▶ What is needed
Report, as a bare number, how many lines of the entries below contain "Maison".

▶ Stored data
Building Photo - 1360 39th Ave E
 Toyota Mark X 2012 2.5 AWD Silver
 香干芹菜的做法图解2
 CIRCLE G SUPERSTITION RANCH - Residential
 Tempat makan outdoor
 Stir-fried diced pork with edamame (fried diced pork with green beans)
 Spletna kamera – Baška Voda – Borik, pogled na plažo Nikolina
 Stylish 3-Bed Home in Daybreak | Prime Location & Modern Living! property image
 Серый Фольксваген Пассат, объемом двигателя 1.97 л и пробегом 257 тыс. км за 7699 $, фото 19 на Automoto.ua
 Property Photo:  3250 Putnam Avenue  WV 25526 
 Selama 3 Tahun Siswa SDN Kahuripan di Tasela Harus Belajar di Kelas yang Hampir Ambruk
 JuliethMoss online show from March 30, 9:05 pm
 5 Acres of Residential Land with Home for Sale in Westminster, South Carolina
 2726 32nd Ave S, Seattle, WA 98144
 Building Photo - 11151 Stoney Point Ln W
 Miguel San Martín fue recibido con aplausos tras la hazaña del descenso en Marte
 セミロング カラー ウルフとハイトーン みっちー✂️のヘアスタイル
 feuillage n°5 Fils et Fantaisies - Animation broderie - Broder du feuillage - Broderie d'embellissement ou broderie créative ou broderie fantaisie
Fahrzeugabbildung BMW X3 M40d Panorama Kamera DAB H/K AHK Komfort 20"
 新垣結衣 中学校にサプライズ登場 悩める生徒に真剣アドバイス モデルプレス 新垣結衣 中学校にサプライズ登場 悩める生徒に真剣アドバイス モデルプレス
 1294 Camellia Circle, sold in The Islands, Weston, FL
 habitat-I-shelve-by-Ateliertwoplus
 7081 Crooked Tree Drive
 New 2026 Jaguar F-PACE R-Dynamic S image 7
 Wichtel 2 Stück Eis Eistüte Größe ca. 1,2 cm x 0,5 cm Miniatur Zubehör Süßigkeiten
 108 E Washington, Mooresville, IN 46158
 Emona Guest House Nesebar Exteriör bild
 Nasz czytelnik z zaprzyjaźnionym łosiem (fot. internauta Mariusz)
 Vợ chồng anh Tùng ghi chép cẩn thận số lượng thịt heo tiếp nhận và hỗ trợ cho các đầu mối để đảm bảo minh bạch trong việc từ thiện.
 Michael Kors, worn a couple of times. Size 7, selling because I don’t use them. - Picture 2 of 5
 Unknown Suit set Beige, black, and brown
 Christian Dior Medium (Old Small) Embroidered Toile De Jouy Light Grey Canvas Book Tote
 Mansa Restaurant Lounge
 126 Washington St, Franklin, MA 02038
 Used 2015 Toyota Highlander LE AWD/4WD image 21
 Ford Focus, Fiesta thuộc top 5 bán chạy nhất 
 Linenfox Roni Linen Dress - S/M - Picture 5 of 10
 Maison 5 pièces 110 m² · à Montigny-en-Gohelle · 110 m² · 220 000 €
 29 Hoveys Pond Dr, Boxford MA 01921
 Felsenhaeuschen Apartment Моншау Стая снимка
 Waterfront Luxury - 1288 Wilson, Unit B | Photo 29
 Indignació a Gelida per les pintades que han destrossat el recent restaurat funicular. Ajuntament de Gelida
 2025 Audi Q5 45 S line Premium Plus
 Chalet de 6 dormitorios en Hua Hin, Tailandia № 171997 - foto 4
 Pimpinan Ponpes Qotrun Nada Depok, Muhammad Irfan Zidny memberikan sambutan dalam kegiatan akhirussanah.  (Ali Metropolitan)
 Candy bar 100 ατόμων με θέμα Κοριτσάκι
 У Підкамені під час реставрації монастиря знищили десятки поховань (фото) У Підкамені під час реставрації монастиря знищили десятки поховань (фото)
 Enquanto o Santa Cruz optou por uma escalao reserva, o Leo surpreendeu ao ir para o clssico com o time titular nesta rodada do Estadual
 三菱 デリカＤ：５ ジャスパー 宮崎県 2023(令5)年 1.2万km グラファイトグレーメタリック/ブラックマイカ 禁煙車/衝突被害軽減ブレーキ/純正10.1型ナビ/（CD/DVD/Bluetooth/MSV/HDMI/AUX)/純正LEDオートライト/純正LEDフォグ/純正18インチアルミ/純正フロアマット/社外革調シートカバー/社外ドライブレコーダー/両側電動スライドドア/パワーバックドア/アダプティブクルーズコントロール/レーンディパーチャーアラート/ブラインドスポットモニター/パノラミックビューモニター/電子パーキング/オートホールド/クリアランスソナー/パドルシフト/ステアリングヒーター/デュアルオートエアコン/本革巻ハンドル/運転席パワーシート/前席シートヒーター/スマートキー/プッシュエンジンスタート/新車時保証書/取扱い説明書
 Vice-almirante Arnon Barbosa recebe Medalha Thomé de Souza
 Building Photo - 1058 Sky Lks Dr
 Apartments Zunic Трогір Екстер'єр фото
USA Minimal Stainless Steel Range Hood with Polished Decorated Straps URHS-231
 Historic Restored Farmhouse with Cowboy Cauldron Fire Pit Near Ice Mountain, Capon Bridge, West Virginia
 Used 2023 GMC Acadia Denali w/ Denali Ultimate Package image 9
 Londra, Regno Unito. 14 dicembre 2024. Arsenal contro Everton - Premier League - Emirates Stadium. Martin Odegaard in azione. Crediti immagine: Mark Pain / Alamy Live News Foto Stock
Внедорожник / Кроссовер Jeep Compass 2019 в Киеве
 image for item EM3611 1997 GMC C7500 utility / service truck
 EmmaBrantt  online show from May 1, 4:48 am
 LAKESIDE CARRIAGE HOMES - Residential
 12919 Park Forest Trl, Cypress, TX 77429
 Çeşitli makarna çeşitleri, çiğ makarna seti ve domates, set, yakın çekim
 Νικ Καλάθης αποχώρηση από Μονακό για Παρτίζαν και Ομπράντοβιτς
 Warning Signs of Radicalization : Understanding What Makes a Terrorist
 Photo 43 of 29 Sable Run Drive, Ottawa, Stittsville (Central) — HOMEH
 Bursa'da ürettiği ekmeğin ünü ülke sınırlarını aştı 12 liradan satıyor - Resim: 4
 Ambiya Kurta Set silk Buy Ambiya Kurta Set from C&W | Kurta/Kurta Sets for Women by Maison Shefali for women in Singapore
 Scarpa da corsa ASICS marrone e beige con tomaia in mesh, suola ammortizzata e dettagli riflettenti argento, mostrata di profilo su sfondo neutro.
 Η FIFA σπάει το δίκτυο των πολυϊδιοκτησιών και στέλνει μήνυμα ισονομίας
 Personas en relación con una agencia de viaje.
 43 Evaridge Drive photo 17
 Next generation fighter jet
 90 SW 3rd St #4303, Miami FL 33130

▶ Final answer
2